For me, everything started to fall into place when I saw some code because I find code easier to understand and experiment with. About a year ago, Chuck Walbourn posted the parts of the D3DXMath library lost when moving to the DirectXMath library, including the source to D3DXSH-like functions. That page is worth keeping open thanks to the links to the MSN documentation for the D3DXSH versions of the functions.

Starting with XMSHEvalDirectionalLight(), I evaluated my first 3rd order SH representation of a directional light pointing up the Y axis, then I used XMSHEvalDirection() to convert my test Y axis vector to a 3rd order SH direction and then dotted the two values together XMSHDot(). Outside of SH, I’d expect this dot to return 1.0f, but with my SH code, I got 2.1176472 and that’s not some special SH thing turned up to 11, I was just doing it wrong. Here’s the code:

	const unsigned int c_shOrder = 3;
	XMVECTORF32 lightDir = {0.0f, 1.0f, 0.0f};
	XMVECTORF32 lightColor = {1.0f, 1.0f, 1.0f};
	float evalledLight[c_shOrder * c_shOrder];
	XMSHEvalDirectionalLight(c_shOrder, lightDir, lightColor, evalledLight, NULL, NULL);

	XMVECTORF32 normal = {0.0f, 1.0f, 0.0f};
	float dir[c_shOrder * c_shOrder];
	XMSHEvalDirection(dir, c_shOrder, normal);
	float result = XMSHDot(c_shOrder, dir, evalledLight);

It took a while to find Stephen Hill’s (@self_shadow) code in his comment on Seb Lagarde’s blog post about the use of pi in game lighting which applies the exact same functions to generate the SH representation of the light and normal but uses a custom dot with coefficients per band {1.0f, 2.0f/3.0f, 1.0f/4.0f} (it’s the 4th value in that array that would be zero). Updating the code to use that custom dot gives the expected 1.0f – win! Looking at the code, the per-band coefficients could even be baked into the SH representation of the light, but I’ve only seen it done once, earlier in the Seb Lagarde blog post – look for ConvolveCosineLobeBandFactor.

Digging further into the code from Chuck you can also find analytical lights such as Spherical lights (good for faking volumes), Conical lights and Hemispherical lights (good for blue up, green down) as well as support for projecting a D3D11 cubemap into SH – SHProjectCubeMap() – which was the beast I was after.

Cubemaps eh?

With a function like SHProjectCubeMap() you can convert a cubemap into spherical harmonics, a topic covered by a paper called Coefficients for each band: An Efficient Representation for Irradiance Environment Maps by Ravi Ramamoorthi and Pat Hanrahan. This paper is the foundation of techniques regarding converting environment maps such as cubemaps to SH and it highlights the low error rate when using 3rd order SH.

Using a technique like this gives you a diffuse representation of that cubemap that you can use for global or local lighting. In the global case, you’d take your skybox texture, convert to SH and use it to add a little extra to your lighting. In the local case, you can calculate a local cubemap or cubemaps at runtime, convert to SH and use that for more local diffuse lighting – if you have enough local samples you can consider that an irradiance volume, first discussed in this paper in 1998.
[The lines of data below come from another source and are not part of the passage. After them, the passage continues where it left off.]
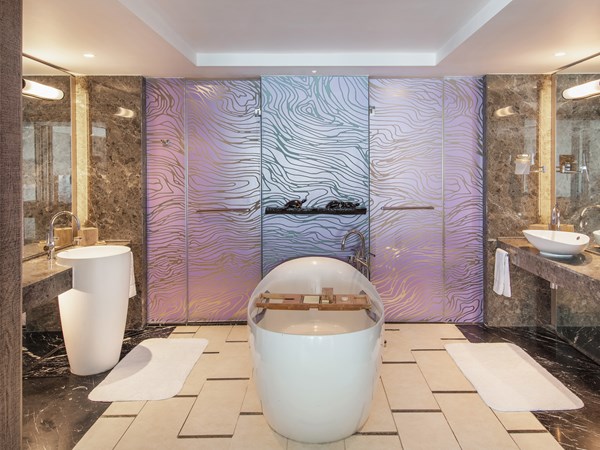 Salle de bain de la Frangipani Beachfront Junior Suite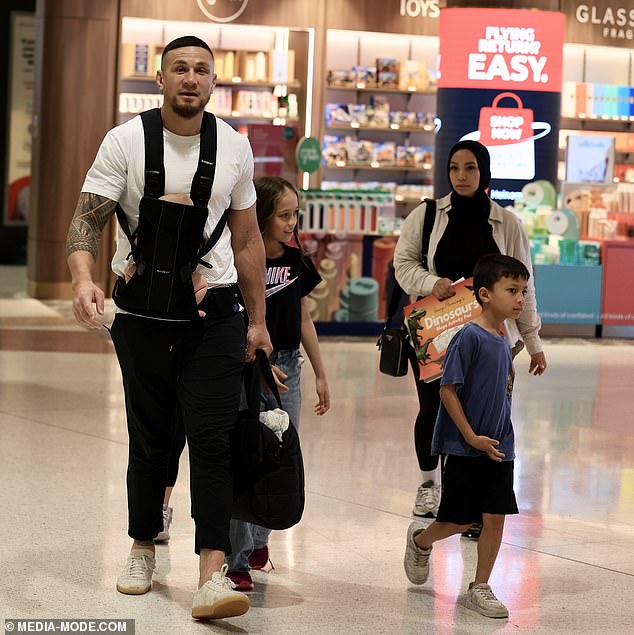 Williams, who recently became a father for the fifth time, was photographed at Sydney Airport with his family on Sunday.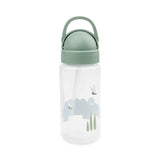 Gourde en plastique sur fond blanc avec un couvercle retractable. La gourde est transparente avec des illustration et un bouchon de couleur verte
If you want to look further at irradiance volumes, it’s worth having a look at Natalya Tatarchuk’s GDCE 05 Irradiance Volumes for Games presentation which gives a high level overview of the techniques and covers material from the aforementioned irradiance volume paper and also discusses irradiance gradients to improve the results of calculating the irradiance inbetween samples.
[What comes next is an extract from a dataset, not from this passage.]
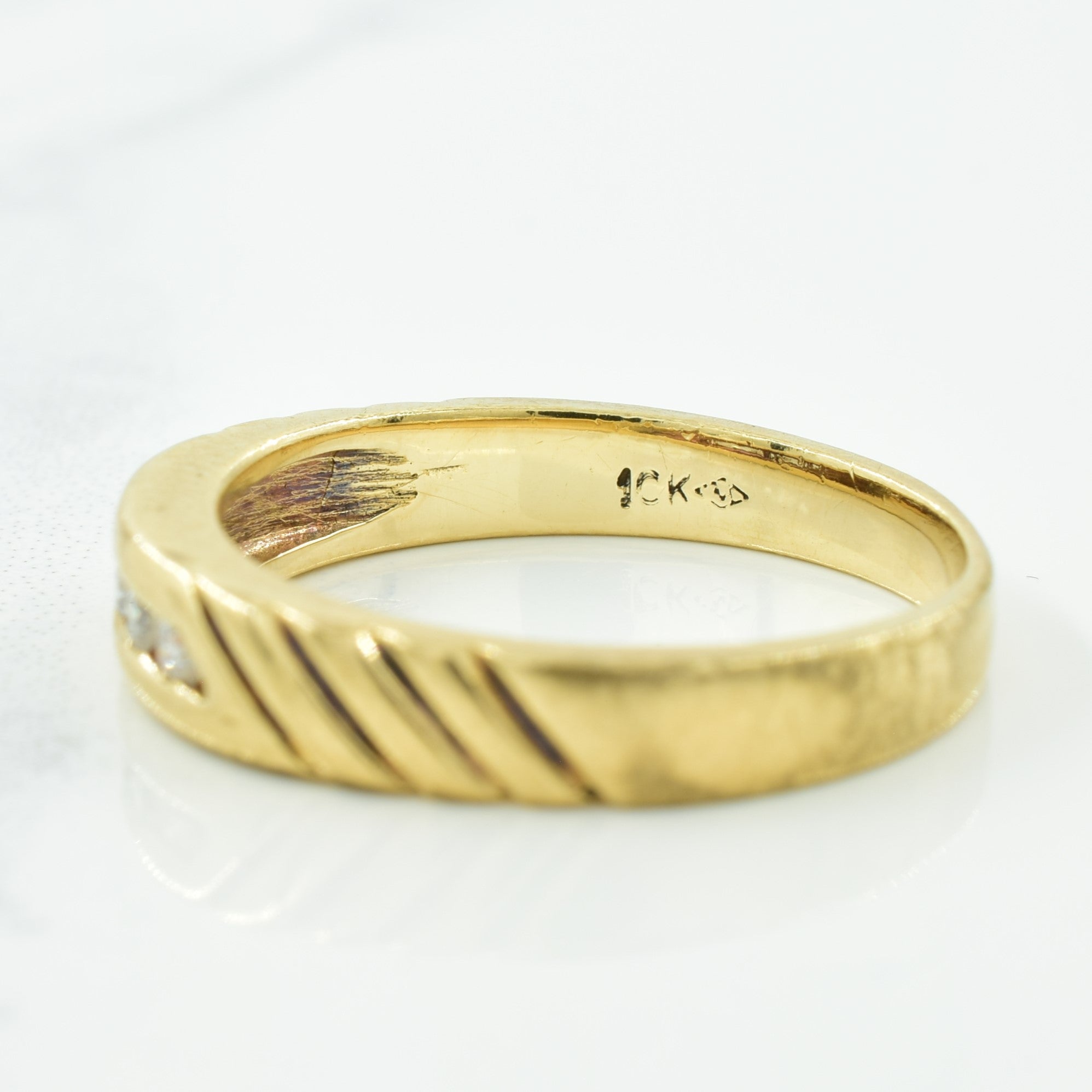 Channel Set Diamond Ring | 0.08ctw | SZ 7.25 |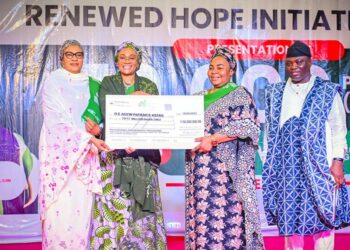 Remi Tinubu Leads Drive To Cut Maternal Mortality, Empowers Midwives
Even more practical information can be found in a post about production use of irradiance volumes from Steve Anichini (@solid_angle). Reading this after Natalya’s presentation, I could see the reasoning behind the decisions made. I especially liked the idea of calculating a local irradiance gradient for each dynamic object.

Further Reading

There’s a lot of detail on Spherical Harmonics all over the internet. As Tom Forsyth’s presentation mentioned, always search for “irradiance” along with “spherical harmonics” because of the wide range of applications for spherical harmonics. I’d also recommend searching for “games” at the same time since that’s where a lot of the realtime ideas are covered.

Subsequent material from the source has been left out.